次の日、私はまたゴイさんへ電話をかけました。
電話代が高いので、彼女からかかってくることはありません。
いつも私から彼女の携帯電話へかけているのです。
 
 
彼女は、前日とはまったく違って優しい口調でした。
私も日を置いたので冷静になっており、この日はいつも通りに話ができました。
お寺を5つ回って疲れたという話にも、彼女は楽しそうに相槌を打ってくれたのです。
来月にはまた、1週間ほどタイに行くと言うと、彼女は飛び上がらんばかりに喜んでくれました。
これでまた今までどおり。そう思ったのでした。
 
 
翌月私は、タイへ行きました。
バンコクのスワンナプームには、ゴイさんが出迎えに来てくれます。
いつもそうやって空港で出会い、タクシーで建てたばかりの家へと向かうのです。
 
 
しかしこのときは、出迎えてくれたのがゴイさんだけではありませんでした。
隣に男性が立っているのです。
いつもは飛びついてくる彼女が、このときはなぜか落ち着いています。
彼女は、その男性を私に紹介しました。
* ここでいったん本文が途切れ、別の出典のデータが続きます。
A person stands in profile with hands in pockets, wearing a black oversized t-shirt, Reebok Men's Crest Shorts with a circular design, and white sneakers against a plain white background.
お兄さんだと。
 
 
その男性が運転する車に乗り、我々は家へと向かいました。
彼女の話では、お兄さんは田舎から出てきて、バンコクで働いているのだそうです。
それで泊まる場所がないので、一緒に暮らしているのだと。
お兄さんも一緒なら安全だからと、彼女は私に説明したのです。
 
 
その日は、3人で一緒に食事をしました。
お兄さんがいるとは知らなかったので、彼へのお土産はありません。
それで、私が飲むつもりで買ってきたウイスキーを、お土産代わりにあげたのでした。
それにしても、お兄さんが一緒にいるなら電話で話してくれればいいのに。
そう思ってもみたのですが、言葉や文化の違いもあろうかと、あえてゴイさんには言いませんでした。
 
 
その夜私は、久しぶりに彼女を抱いて寝ました。
この年になって抱いて寝たい女がいることは、なんと幸せなことでしょうか。
満足感に包まれながら、私はベッドで眠りについたのです。
彼女のお兄さんは、隣の寝室で寝ていました。
物音が聞こえるのではと少し心配もしましたが、その最中はそれほど意識することはありませんでした。
 
 
次の日の朝、私が目覚めるとゴイさんはもう起きていました。
リビングへ行くと、彼女は朝食の支度をしていました。
お兄さんはどうしたかと聞くと、もう仕事に出かけたとのこと。
夕方までは戻ってこないという話でした。
 
 
彼はいつまでこの家で暮らすつもりなのか、ちょっと不安になりました。
少なくとも私がここに移住してくるときには、出て行ってもらわなくてはなりません。
その場合、彼が暮らすアパートのデポジットを、私が出してやってもよいと思いました。
多少お金がかかっても、お兄さんと同居することは避けたいと思ったのでございます。